El cansancio se ha vuelto casi un lenguaje común. Está en todas partes. Lo decimos sin pensar: “estoy agotado”, “ando en friega”, “no me da la vida”.
Y lo curioso es que no lo decimos con queja. Casi siempre, incluso, con orgullo. Como si estar cansado fuera prueba de que estamos haciendo algo bien. De que estamos en movimiento. De que importamos.
Vivimos en una época donde estar ocupado no es sólo inevitable, sino deseable. Donde tener tiempo libre es casi sospechoso.
Nos hemos acostumbrado a asociar la velocidad y la intensidad con la relevancia, la fatiga con el progreso, el desvelo con la entrega. Y no lo digo en tono acusatorio; lo digo porque yo también vivo ahí, más de lo que yo quisiera.

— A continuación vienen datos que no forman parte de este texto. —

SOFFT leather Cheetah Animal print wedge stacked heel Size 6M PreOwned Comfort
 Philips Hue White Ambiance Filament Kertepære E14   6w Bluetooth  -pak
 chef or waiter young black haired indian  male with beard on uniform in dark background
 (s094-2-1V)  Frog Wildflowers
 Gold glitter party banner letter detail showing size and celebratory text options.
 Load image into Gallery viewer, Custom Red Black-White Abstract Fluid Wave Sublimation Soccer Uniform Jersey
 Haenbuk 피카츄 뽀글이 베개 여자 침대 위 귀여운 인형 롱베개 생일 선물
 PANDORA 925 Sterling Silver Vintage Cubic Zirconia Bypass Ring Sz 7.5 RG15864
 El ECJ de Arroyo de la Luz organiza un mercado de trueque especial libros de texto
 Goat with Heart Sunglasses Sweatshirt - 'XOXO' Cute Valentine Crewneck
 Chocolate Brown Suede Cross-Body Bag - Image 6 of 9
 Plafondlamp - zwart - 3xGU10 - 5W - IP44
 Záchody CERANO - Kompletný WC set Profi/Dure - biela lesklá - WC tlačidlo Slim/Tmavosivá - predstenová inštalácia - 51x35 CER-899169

Y peor aún: cuando por fin aparece un momento de descanso, sobre todo si se hilan seguido, en lugar de disfrutarlo, sentimos culpa. Como si estuviéramos traicionando algo. Como si no estar haciendo tanto, o incluso nada, fuera casi un acto de deslealtad hacia el sistema —o hacia nuestra propia narrativa—. ¿Cómo es que hemos llegado a pensar que no estar agotado es señal de flojera, o que dormir bien es de gente que no se exige lo suficiente?
Pero hay una diferencia importante entre el cansancio que deja algo y el que sólo vacía. Entre el cansancio que viene después de crear, construir, acompañar… y el cansancio que simplemente aparece tras una jornada llena de pendientes que no tocaban nada esencial.
La trampa está en que uno empieza a vivir ahí, en ese estado permanente de estar "un poco más allá del límite", y empieza a creer que así debe ser. Que descansar es perder el tiempo. Que parar es debilidad. Que si no te sientes exhausto al final del día, algo hiciste mal.
Y no es cierto.
Descansar no es un lujo ni una indulgencia. Es parte del ciclo natural de cualquier cosa que quiera sostenerse. Una pausa no significa retroceso. A veces, es lo único que te permite tomar dirección.
El punto no es hacer menos, ni buscar una vida sin esfuerzo. El punto es preguntarnos si el esfuerzo está yendo hacia donde realmente queremos ir. Si lo que nos está cansando también nos está construyendo. Si el precio que pagamos por estar “en todo” no es demasiado alto cuando, al final, no estamos del todo en nada.
No hay respuesta correcta. Pero vale la pena preguntárselo.